Kenya Literature Bureau
- Formerly: East African Literature Bureau
- Company type: State owned corporation
- Industry: Publishing house
- Founded: 1947; 78 years ago
- Founder: British High Commission
- Headquarters: Nairobi, Kenya
- Website: kenyaliteraturebureau.com

= Kenya Literature Bureau =

The Kenya Literature Bureau (KLB) is a publishing house and state corporation in Kenya founded in 1947. It is located in South-C off Popo Road in Nairobi.

==History==
The Kenya Literature Bureau was initially established by the "East Africa governments (Kenya, Tanzania and Uganda)" in 1947 as the East African Literature Bureau as an "offshoot" of the missionary-owned Ndia Kuu Press in order to publish books for the general public in Kiswahili, East African vernacular languages and English. The Bureau's first director was Charles Granston Richards, who held that post for fifteen years.
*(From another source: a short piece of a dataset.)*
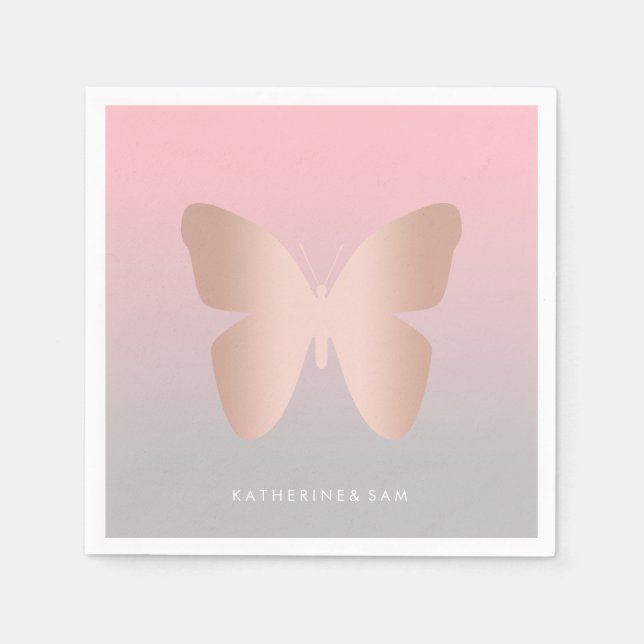 Serviette En Papier Elegant, trendy rose gold butterfly (Devant)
The regional status continued after independence with the establishment of the East African Community (EAC). In the early 1970s the Bureau published many pioneering anthologies of English-language poetry from East Africa:

It is significant of East African writers' indifference to political boundaries that such anthologies were all compiled, without a single exception, on an inter-territorial basis, with Kenya and Uganda supplying the greater part of the material. They [were] often multiracial as well, incorporating contributions by European and Asian writers.
 However, in 1977, the EAC collapsed and the reins of the bureau were transferred to the Kenyan Ministry of Education thereby making it a department under that ministry. In 1980, the KLB Act was passed by the Kenyan Parliament making it a state corporation—a status it holds to this day.